To whet our appetites for the historical landmarks lined up for the morning, we first stopped in front of the Presidential Office Building, a Renaissance-Baroque building built in 1912 during the Japanese occupation, and which now houses the Office Office of the President of the Republic of China (ROC).
Our next stop wasn’t far away. No visit to the city is complete without paying respects to the country’s most important political figure enshrined at the Chiang Kai-shek Memorial Hall, a palatial structure lording over a sprawling square where democratic rallies are often held. We made it in time to witness the hourly changing of honor guards at the main hall, which houses a seated statue of Chiang Kai-shek, the Chinese political and military leader who founded the Taiwanese nation in 1949.

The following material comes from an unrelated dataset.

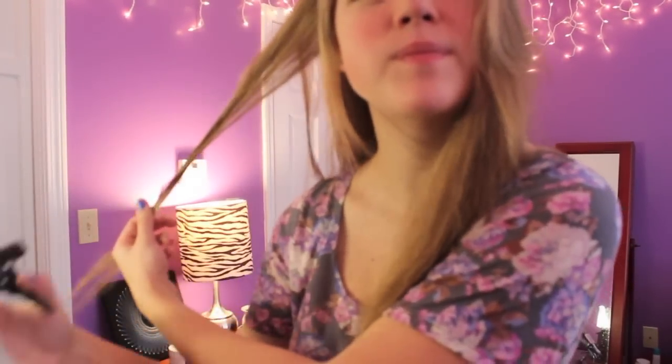Spray it with water, just all at once. It doesn't need to be soaking wet, just kind of damp. And then you're going to take the hair and twist it like this. Either direction is fine, it doesn't really matter — it doesn't need to be super twisted.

We stepped further back in time at Lungshan Temple of Manka, a Buddhist temple that also venerate Taoist deities, which was established in 1738 by settlers from Fujian province, China. After admiring the pair of bronze dragon pillars in the front hall of the temple (which cannot be found in any other temple in Taiwan), we proceeded to the inner courtyard which was filled with people fervently praying, lighting candles and joss sticks and burning paper money.
Long queues didn’t stop us from getting a table at the original branch of Din Tai Fung along Xinyi Road. The international xiaolongbao (soup dumpling) restaurant chain has garnered several accolades around the world, including Michelin stars for their Hong Kong branches. We had our fill of xiaolongbao, shrimp dumplings and fried rice, which lived up to the restaurant’s reputation and were worth the wait.

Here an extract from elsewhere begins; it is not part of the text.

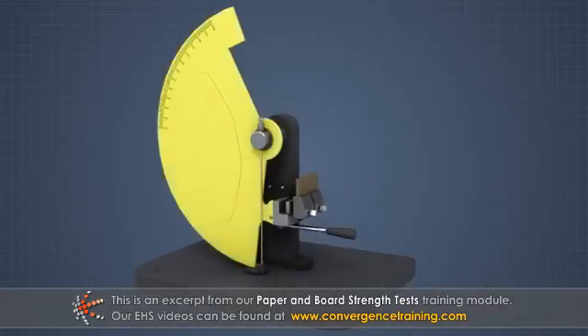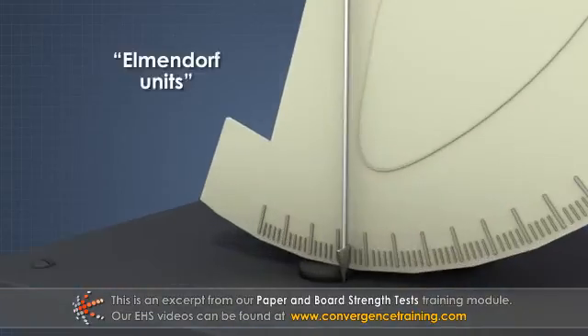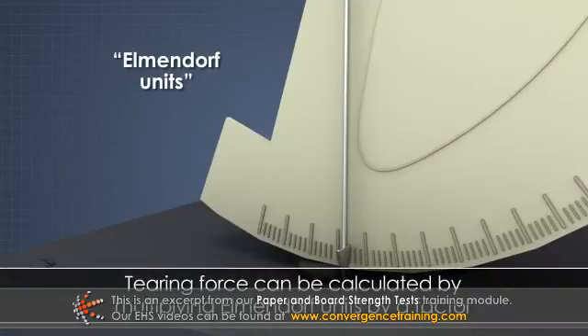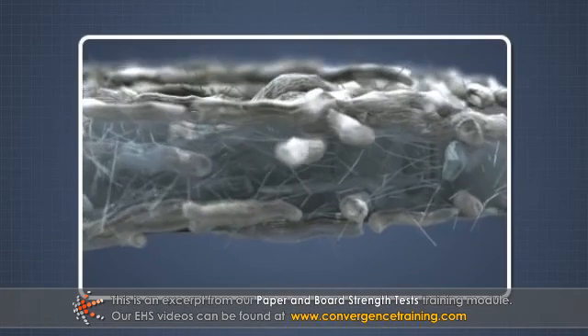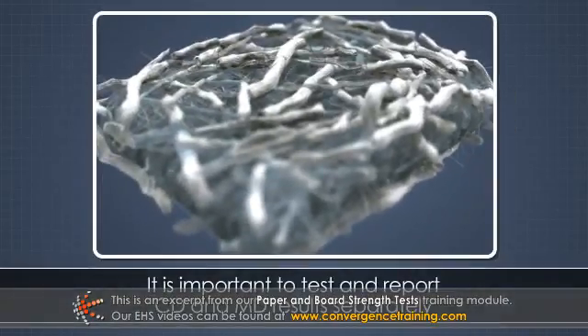A pendulum supporting one clamp is released, and it swings away from the other clamp, registering the force required to continue the tear as Elmendorf units on an arc scale. The tearing force can be calculated by multiplying the Elmendorf units by a factor. Fiber orientation greatly affects tearing resistance, so it is important to test and report CD and MD results separately.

After a wonderful lunch, we were ready to burn the calories. If shopping is your game, then look no farther than the pulsating commercial district of Ximending, which delights three million shoppers every month! Ximending is to Taipei as Orchard Road is to Singapore and Shibuya is to Tokyo. The well-known Ximending Pedestrian Area was the first pedestrian area built in Taipei and is the largest in Taiwan.
As day slowly turned into night, we headed for the city’s iconic 101-storey skyscraper, Taipei 101 – the world’s tallest building after the Burj Khalifa in Dubai. The architecture takes its design cues from indigenous bamboo, temple pagoda and traditional Chinese money. At the observatory on the 89th floor, one can marvel at a 360-degree view of the metropolis, as well as view the building’s humongous 728-tons steel damper which keeps the skyscraper stable. If you wish to admire , I’d recommend skipping the observatory and making a quick climb up Elephant Mountain for postcard-worthy views of the skyscraper and the rest of the city skyline.
Finally, we had dinner at Five Dime Restaurant, the brainchild of artist Hsieh Li-shiang that seems straight out of a Tim Burton movie. The restaurant serves authentic Taiwanese cuisine within a four-story interior designed like an organic work of art inspired by driftwood and aboriginal art. If you’re looking for something more fun and casual, go for the Shilin Night Market, the largest and most famous night market in the city where you can go bargain shopping and feast on local fare like oysters omelet, stinky tofu and peanut candy. Then soak up in a public bath at Beitou, a district renowned for its hot springs for a relaxing finale to a perfect day in Taipei.